Provided material:

>>>>

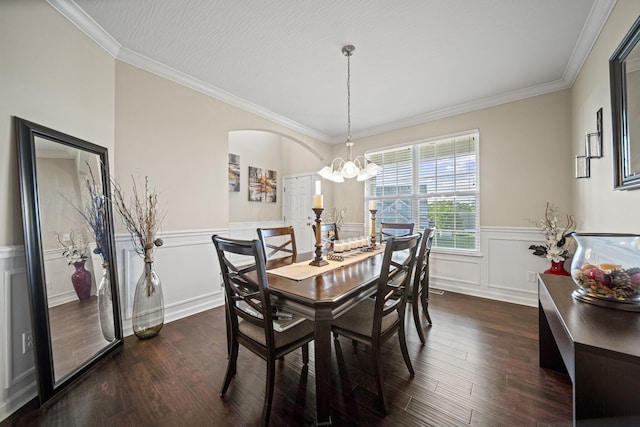 607 Green Forest Pl, Lithopolis, OH 43136 - dining room featuring a chandelier, dark wood-type flooring, wainscoting, ornamental molding, and arched walkways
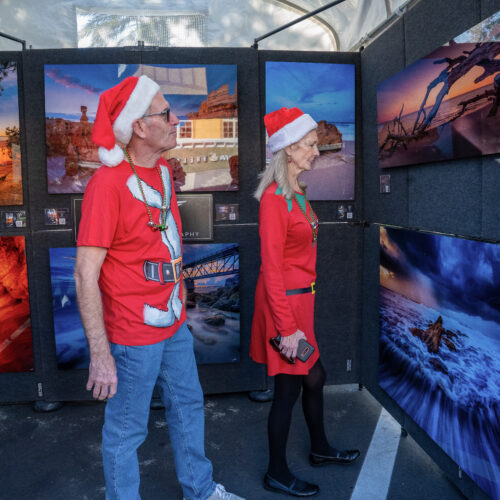 A man and a woman dressed in coordinating Santa outfits view a gallery of fine art photography.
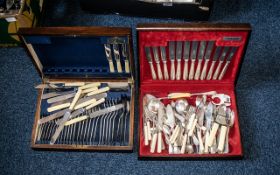 Two Boxed Sets of Vintage Cutlery, both housed in wooden storage boxes,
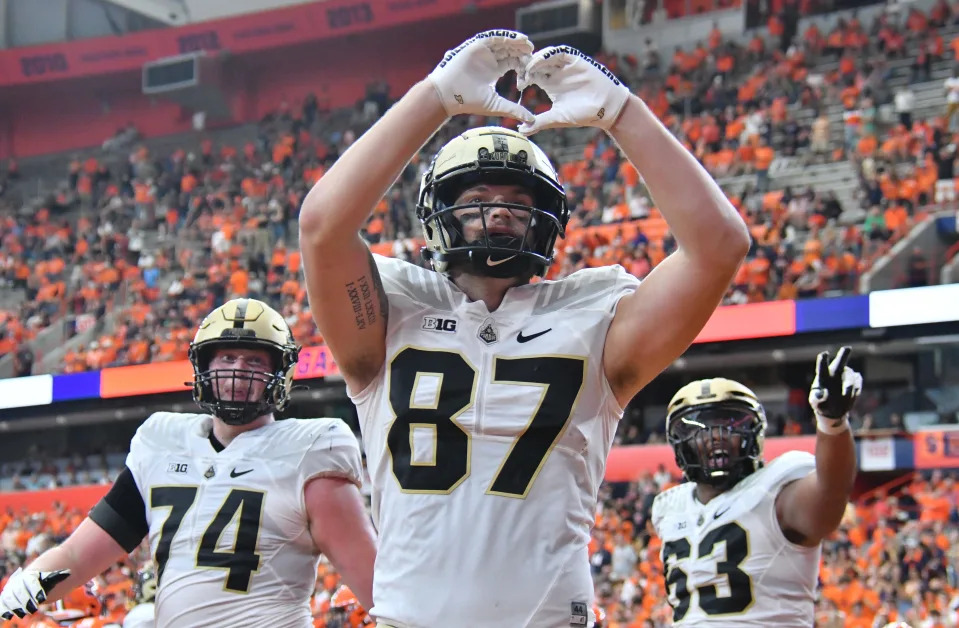Sep 17, 2022; Syracuse, New York, USA; Purdue Boilermakers tight end Payne Durham (87) makes a heart sign to acknowledge a group of Boilermaker fans after scoring a touchdown in the fourth quarter against the Syracuse Orange at JMA Wireless Dome. Mandatory Credit: Mark Konezny-USA TODAY Sports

<<<<

Pictures are to be omitted. Output verbatim only the lines from the one holding "A man and a" through the end of the material, both included.

 A man and a woman dressed in coordinating Santa outfits view a gallery of fine art photography.
 Two Boxed Sets of Vintage Cutlery, both housed in wooden storage boxes,
Sep 17, 2022; Syracuse, New York, USA; Purdue Boilermakers tight end Payne Durham (87) makes a heart sign to acknowledge a group of Boilermaker fans after scoring a touchdown in the fourth quarter against the Syracuse Orange at JMA Wireless Dome. Mandatory Credit: Mark Konezny-USA TODAY Sports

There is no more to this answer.